And also, it's very important -- another reason I like this hotline and I like what you said is that it's very hard to be 13, 14, 15, 16, 17 years old; and if you are very lonely and very alienated and you feel you don't belong with anybody or anything, and then all of a sudden, one or two other people come along and they're just like you, and then you find something on the Internet that you can read that you can relate to, and then things begin to spin out of control. And I think what you said about reaching out to people who seem to be alone and have nobody to care about them. I think that's very, very important as well. I think that you know it a lot better than I do. But as old as I am, I can still remember, it was -- I had some pretty tough times when I was 13, 14, 15, 16 years old -- and I had a very fortunate life. You realize how hard you have to work to keep from getting into patterns that will be destructive throughout life where people feel that they only count when they're in a group, that then they're opposed to somebody else, they can look down on somebody else. It is the curse of human society throughout the world.
Go ahead. You two, and then -- this young man hasn't spoken yet, but go ahead. We'll get you the mike as soon as he finished. Who wants to go next? Go ahead.

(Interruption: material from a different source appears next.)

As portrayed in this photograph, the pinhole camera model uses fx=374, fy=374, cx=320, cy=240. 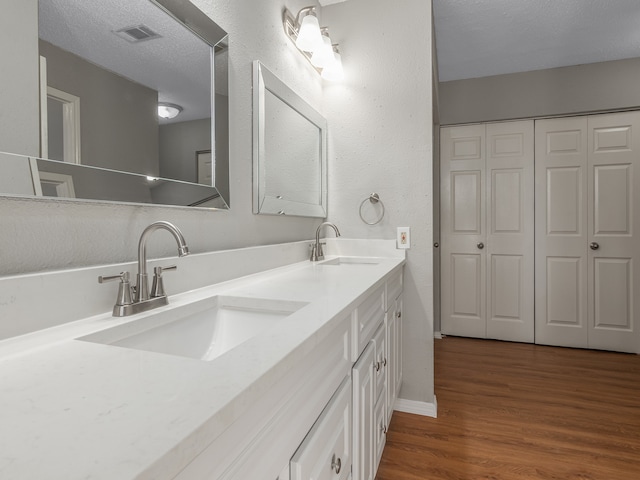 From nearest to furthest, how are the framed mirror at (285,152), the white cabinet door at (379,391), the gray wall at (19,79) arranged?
the gray wall at (19,79)
the white cabinet door at (379,391)
the framed mirror at (285,152)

STUDENT: Back to what you were saying about -- you said earlier about desensitizing our society. It seems like at this point, the children, the younger people still are more vulnerable to influence -- they're a lot more desensitized than maybe like 20 years ago. And I think the media really does need to take more responsibility for that, because the best-sellers in the box office these days are movies which have the most people killed. You know, like -- in the trailer, you see, oh, those people are dying, and the violence, and we see on the news, it seems like all the news is bad news. So I think because of that, the value of a human life has gone down. And that's why you see kids who think maybe they wouldn't understand the impact of what they really did when they went into school that day, or any other of the seven cases of school violence.
THE PRESIDENT: Yes. Let me say this -- I really respect all of you very much to have said that this is a matter of personal responsibility, family responsibility, and you don't want to blame the culture. I respect you for saying that -- I don't want to blame the movies or blame the video games; what you've said and how you've talked with your mother and everything.
But I think you have to recognize -- let me just say, for example, when I was your age, if anything, the racism was more pronounced, the social hierarchies in the schools were dramatic. If you were between those who were in and those who were out, people fought regularly on the school grounds and they were vicious to each other and -- but you didn't have as much gun violence. And I think it is unquestionable that more people have more access to more weapons, and more people at an earlier age can move from profound alienation and misery into using violence against others than was the case 20 or 30 years ago, because they either have -- they have more opportunities and because they've been desensitized, and maybe because they don't have a chance to sit down with a mother or a father the way you do every night.
So the only thing I'm saying is, I think it's important not to oversimplify this. And I hate it when people blame someone else and don't take responsibility for what they did, but I don't think we can be blind to the fact that there are more opportunities and there is a greater openness to taking violent action on the part of alienated people today than there was 20 or 30 years ago.
And I think the experience that these children have before, maybe -- maybe even when they're very young, before they form proper barriers in life about what's right, what's wrong, what can or can't be done, makes them quite vulnerable.
STUDENT: I'm a little concerned at the backlash that's going to go out against people who are like into Gothic culture and rock music, because they're going to be blamed for instigating this whole situation. And I'm also concerned about being able to say things at school when you're angry, because when you're angry, you say things that you would not normally say. I'm really concerned that people are going to be suspended on the spot if they say something like "I hope something bad happens to you because I'm angry at you."
THE PRESIDENT: So how do you think we should deal with that?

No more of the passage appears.